Раймонд по–деловому, словно бы он этим занимался каждый день, с подветренной стороны облил дом бензином, плеснул на сарай, на покосившийся стожок сена. А сержант подпер дверь дома толстым бревном.
— Ну, вот и все.
В небе полыхнуло, и только через полминуты раздался мощный удар грома, а за ним сразу же сверкнула молния, своим странным светом осветив хутор и троих мужчин с оружием и в камуфляже.
— Давай быстрее, — зашептал Раймонд, — зажигалку давай, мать твою!
Сержант подал зажигалку. Латыш посмотрел на небо, словно бы примериваясь к ветру, словно бы стоял не на земле, а на высоченной скале и собирался прыгнуть с парашюта. Затем зажигалка дважды щелкнула, блеснуло несколько оранжевых искорок. Пламени не было.
— Черт бы тебя подрал, Овсейчик, такую хреновую зажигалку носишь!
— Давай я сам, — попросил белорусский таможенник, — она к моим пальцам привыкла.
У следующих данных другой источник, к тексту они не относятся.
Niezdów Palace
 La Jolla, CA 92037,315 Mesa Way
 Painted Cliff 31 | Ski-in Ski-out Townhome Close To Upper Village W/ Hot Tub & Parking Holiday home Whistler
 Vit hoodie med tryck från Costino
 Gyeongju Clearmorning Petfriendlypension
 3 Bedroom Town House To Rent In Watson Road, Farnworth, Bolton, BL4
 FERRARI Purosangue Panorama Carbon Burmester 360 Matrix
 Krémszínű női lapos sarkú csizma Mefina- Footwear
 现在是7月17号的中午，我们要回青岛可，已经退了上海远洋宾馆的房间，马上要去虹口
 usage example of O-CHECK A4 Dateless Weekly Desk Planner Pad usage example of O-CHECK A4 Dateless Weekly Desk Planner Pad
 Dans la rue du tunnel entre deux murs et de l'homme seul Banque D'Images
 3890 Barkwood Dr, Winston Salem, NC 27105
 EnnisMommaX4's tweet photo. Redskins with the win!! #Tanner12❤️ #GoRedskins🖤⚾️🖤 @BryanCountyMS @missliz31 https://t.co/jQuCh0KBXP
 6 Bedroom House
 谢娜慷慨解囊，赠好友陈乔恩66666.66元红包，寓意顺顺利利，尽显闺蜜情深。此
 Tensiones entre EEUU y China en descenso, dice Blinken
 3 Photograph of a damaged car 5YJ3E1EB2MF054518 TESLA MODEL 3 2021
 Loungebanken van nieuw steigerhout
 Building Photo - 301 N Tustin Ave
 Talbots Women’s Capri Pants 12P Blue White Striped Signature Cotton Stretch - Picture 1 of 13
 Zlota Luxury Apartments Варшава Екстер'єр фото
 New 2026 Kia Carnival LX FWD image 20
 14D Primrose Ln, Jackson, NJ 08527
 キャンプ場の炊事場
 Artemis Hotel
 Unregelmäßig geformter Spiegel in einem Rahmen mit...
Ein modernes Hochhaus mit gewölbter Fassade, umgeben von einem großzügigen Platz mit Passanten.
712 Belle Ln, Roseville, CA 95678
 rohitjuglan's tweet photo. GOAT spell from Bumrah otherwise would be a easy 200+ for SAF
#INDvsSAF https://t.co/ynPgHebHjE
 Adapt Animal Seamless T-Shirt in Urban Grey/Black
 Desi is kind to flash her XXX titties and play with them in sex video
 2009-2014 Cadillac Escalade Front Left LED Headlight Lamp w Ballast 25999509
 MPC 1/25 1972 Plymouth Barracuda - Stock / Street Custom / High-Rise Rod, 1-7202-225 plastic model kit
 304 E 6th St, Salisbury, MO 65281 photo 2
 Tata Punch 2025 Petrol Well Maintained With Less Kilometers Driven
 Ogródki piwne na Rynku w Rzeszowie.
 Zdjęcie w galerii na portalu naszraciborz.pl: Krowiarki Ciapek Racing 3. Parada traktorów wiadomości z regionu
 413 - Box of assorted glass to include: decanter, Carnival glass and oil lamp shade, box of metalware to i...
— Иди смотри, чтобы этот козел через окно не сиганул.
— А если сиганет?
— Тогда мочи его.
Таможенники разговаривали как бандиты. Они вообще были похожи скорее на карателей времен второй мировой войны, которые здесь в свое время похозяйничали, сжигая деревни вместе с жителями.
Наконец зажигалка родила голубоватый огонек. Латыш, прикрывая его рукой, поднес зажигалку к мокрой от бензина стене. Пламя вспыхнуло мгновенно. Затем латыш поджег сарай. Дом загорелся сразу, весь, по периметру. Огонь пополз по стенам, затрещал на крыше.
В доме послышались крики.
— Отходим! — приказал латыш. — Отходим! Трое мужчин в камуфляжных куртках отошли
от дома, который уже трещал, гудел и хрустел, объятый пламенем. Сарай и стог тоже горели, даже туалет за сараем вспыхнул.
Внутри кричали, кричали истошно. И тут, словно назло, а может быть, по провидению Господню, небо прорвалось, и хлынул густой, крупный дождь, настолько сильный, что, не загорись дом как следует, дождь мог сбить, погасить, победить пламя.
Но дождь начался с небольшим опозданием, всего лишь на каких‑нибудь пять–семь минут. Если бы он пошел на полчаса раньше, если бы стены дома были мокрыми, то тогда еще неизвестно, как бы все кончилось. А так дом полыхал. Огромное пламя рвалось к небу. Листья на березах и старой липе скручивались, обгорали и падали.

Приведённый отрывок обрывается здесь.